Nothing gets my goat like reading vampire novels. They’re kind of like train wrecks for me. I feel like I have some kind of obligation to read every stupid volume of vampire idiocy that some fool-tard publisher wasted paper and ink on. They’re always painful for me to endure, seeing as nobody ever writes a vampire novel about a short, fat, dumpy, blind kid tricked into immortality in his fat, adolescent, useless body with no hopes of escape. I think secretly I want to relate to some fictional character. I know there are other unfortunate kids tricked the same way I was, but who or where they are will most likely remain a secret from me forever. I know I will try my hardest to make sure they never know where I am.

One might expect something of a breakfast club hangout for those of us who were tricked into this terrible situation. A place where we can all gather up and revel in our mutual misery. Fact is that I don’t think I could even imagine where to begin the hunt for another unfortunate soul who shares my condition. Even if I did know where to find one, I doubt I would talk to them. The same fears of normal friends also apply to other vampires, afflicted with similar conditions or not. Imagine how bad it would be to be an enemy of another screwed over vampire. We probably have the same paranoia. Same weaknesses. I might wake up completely rolled in duct tape, suspended upside down in a basement with the upper half of my body submerged in an oil drum filled with piss. I could be there for years.

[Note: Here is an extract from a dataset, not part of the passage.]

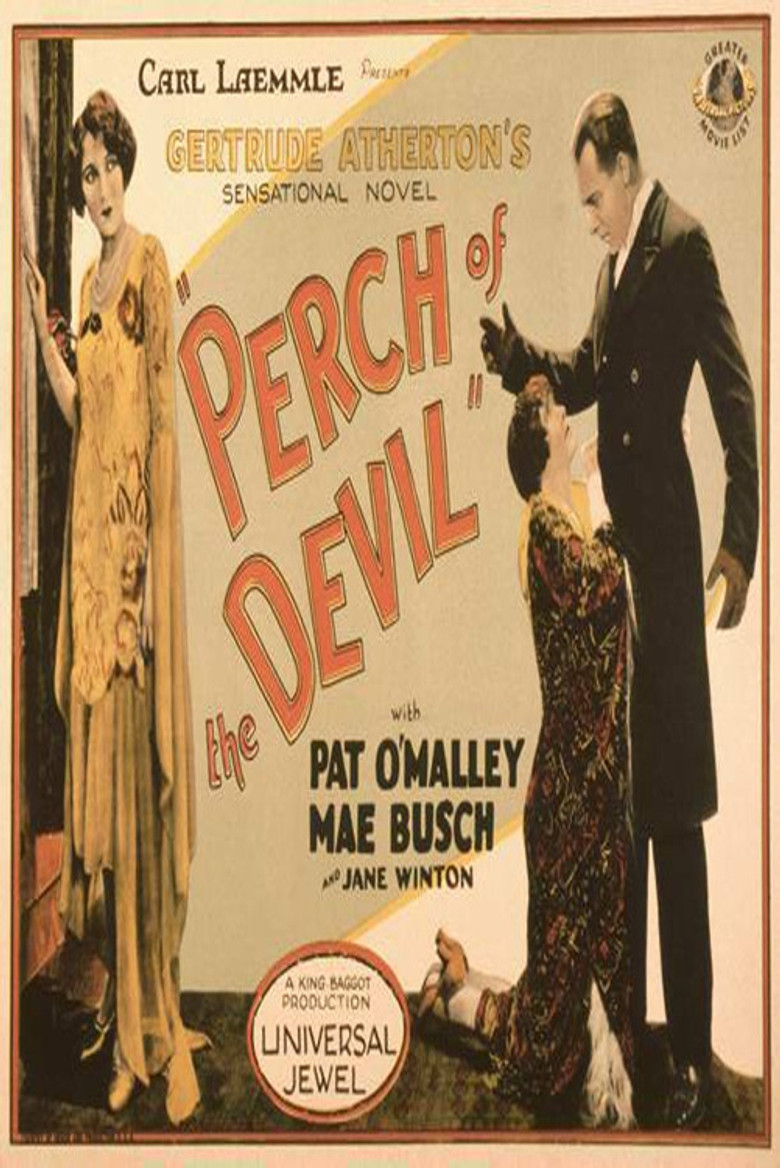 Perch of the Devil poster background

In fact, that very fear might make for a good novel. Good by my standards, that is. I’m sick of reading about impossibly gorgeous creatures of irresistible seduction and the throng of stunning, naive women who fall for their fangy, sexy silliness. Twinkling in the sun? Come on. How would that even be possible? Even in my condition I am amazed about the ridiculous things people come up with just to be different.

If I had to pick on one thing typical to vampire stories it would definitely be the super speed. I find it funny that everyone seems to add this into their stupid book. Speaking scientifically, the human body already regenerates, albeit on a much smaller, less noticeable scale, so the wicked curse I soak in every painful day could be seen as a colossally over-driven natural regeneration that could be possible in some place like the Twilight Zone. But super speed? The laws of gravity make that impossible for physical beings with our mass. It’s not like we’re photonic or something. We are the same hulk of meat and feces that everyone else is, just somehow impossible to destroy. Yeah, I can’t explain that. But I can tell you that the only thing making me twinkle in the sun is the sheet of sweat spilling from my fat.

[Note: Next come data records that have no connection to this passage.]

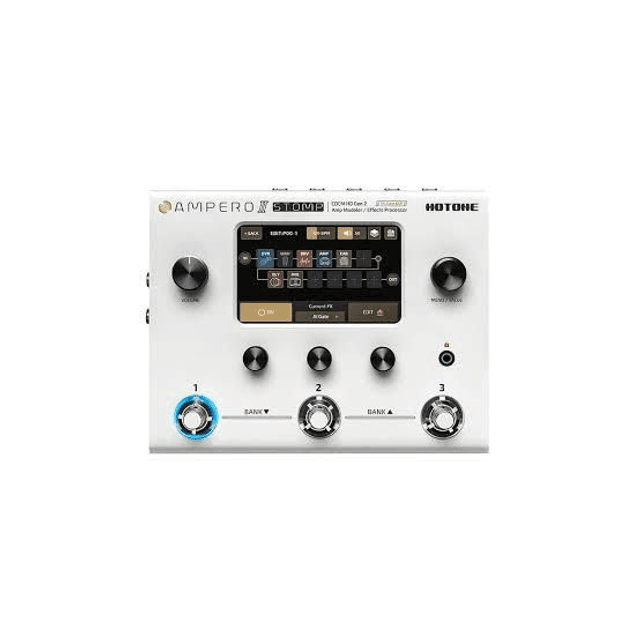 AMPERO STOMP II ( Pack 1.0 )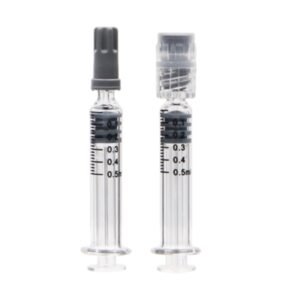 0.5ML Standard Syringes with  Scales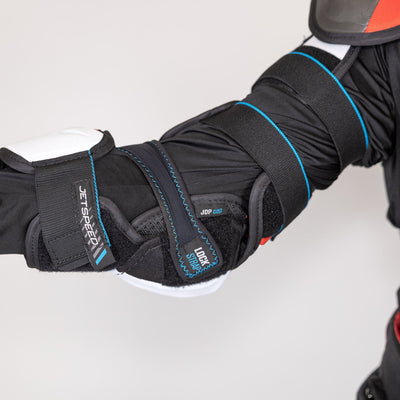 CCM Jetspeed FT6 Junior Hockey Elbow Pads - The Hockey Shop Source For Sports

I sleep, just like everyone else, except that most everyone else enjoys their sleep and dreams of pleasant things. Not me. My dreams are definitely better than my reality, but they are still just as morbid and not really worth mentioning. I actually can’t remember the last time I had a dream that was fulfilling, enchanting, or in any way inspiring. It may be possible that I never truly fall asleep and any dream I have is really an insomniac like state of mind roving over pseudo fictional scenarios devoid of real imagination. It seems like I sleep though, so I have to assume I do eventually pass out, even if it is only for consecutive short periods of time.

It’s just plain ridiculous to write in the transmogrification into a bat or cloud of smoke. And believe me, when I say any concept of the vampire lore is ridiculous, you know it has to be truly ridiculous. I’ve lived the brutal reality of the vampire curse long enough to know what is and is not possible. Sadly, there isn’t a whole lot that is a reality. At least not for me. Because of this, my bitterness keeps me from even considering the rest of the missing elements are even remotely possible or believable, and in no way belong in a book.

Of course there is also the possibility that time delivers the myth. I am, after all, quite young in the typical lifespan of the hopelessly immortal. Though my fatness hinders my speed today the same way it did 34 years ago, I suppose it is possible that a thousand years from now I will have somehow discovered how to sling my fat from side to side to gain a few extra steps per minute. Still pretty sure it won’t help me move like they describe in these books.